=== Begin Enclosure ===
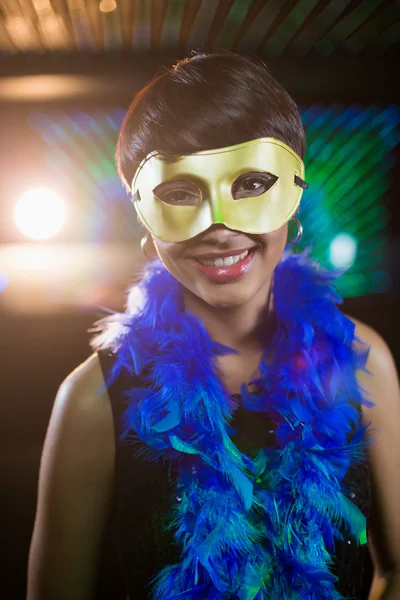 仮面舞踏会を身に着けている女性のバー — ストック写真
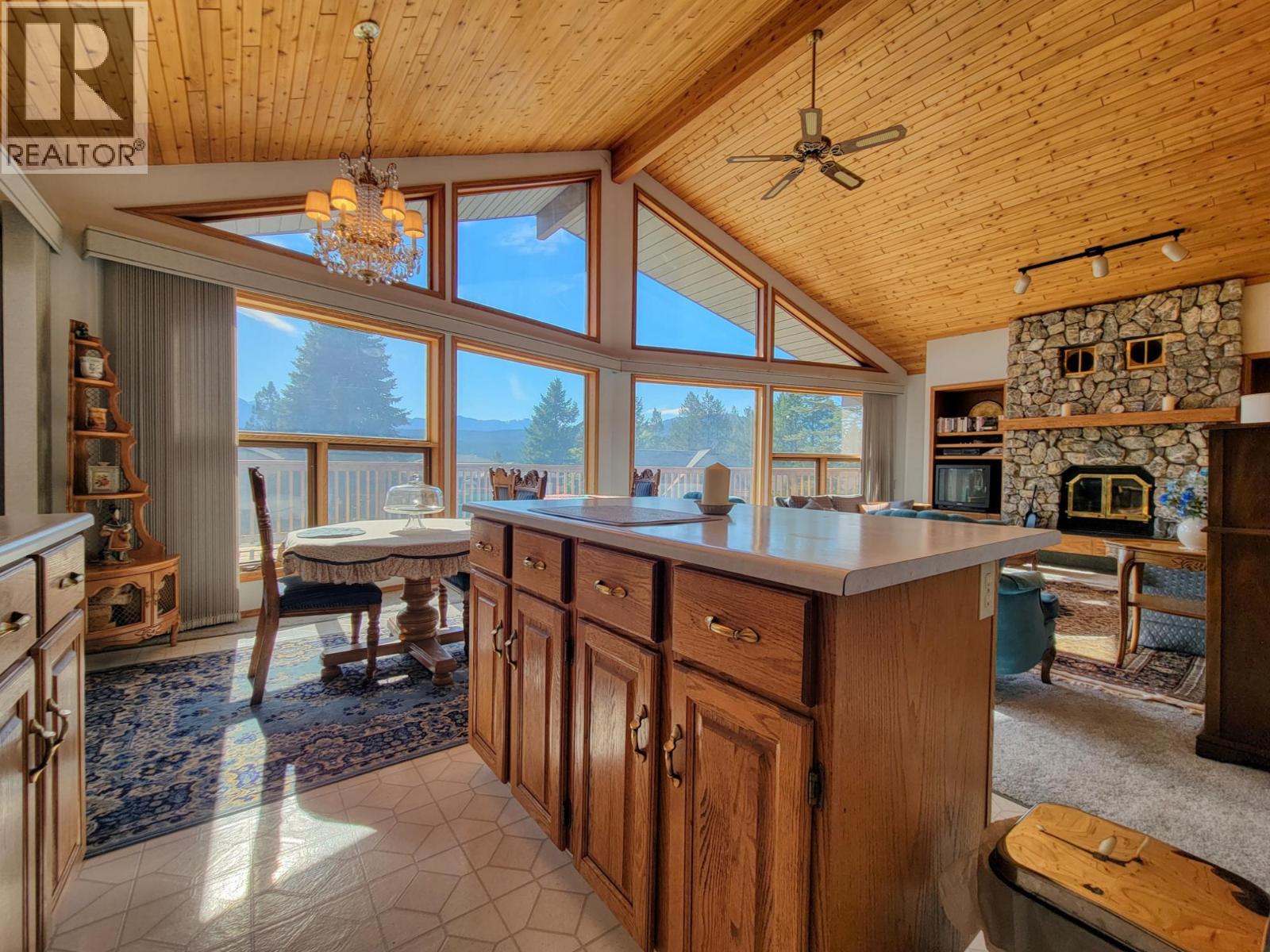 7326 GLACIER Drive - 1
=== End Enclosure ===
=== Begin Enclosure ===
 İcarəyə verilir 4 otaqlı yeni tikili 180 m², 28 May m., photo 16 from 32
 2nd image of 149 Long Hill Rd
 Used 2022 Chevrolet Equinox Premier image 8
=== End Enclosure ===
What to do: After locating the line containing "仮面舞踏会を身に着けている女性のバー — ストック写真" in the entries above, return it and every line after it exactly, ending at the line containing "7326 GLACIER Drive - 1", without pictures.

Solution to the exercise:
 仮面舞踏会を身に着けている女性のバー — ストック写真
 7326 GLACIER Drive - 1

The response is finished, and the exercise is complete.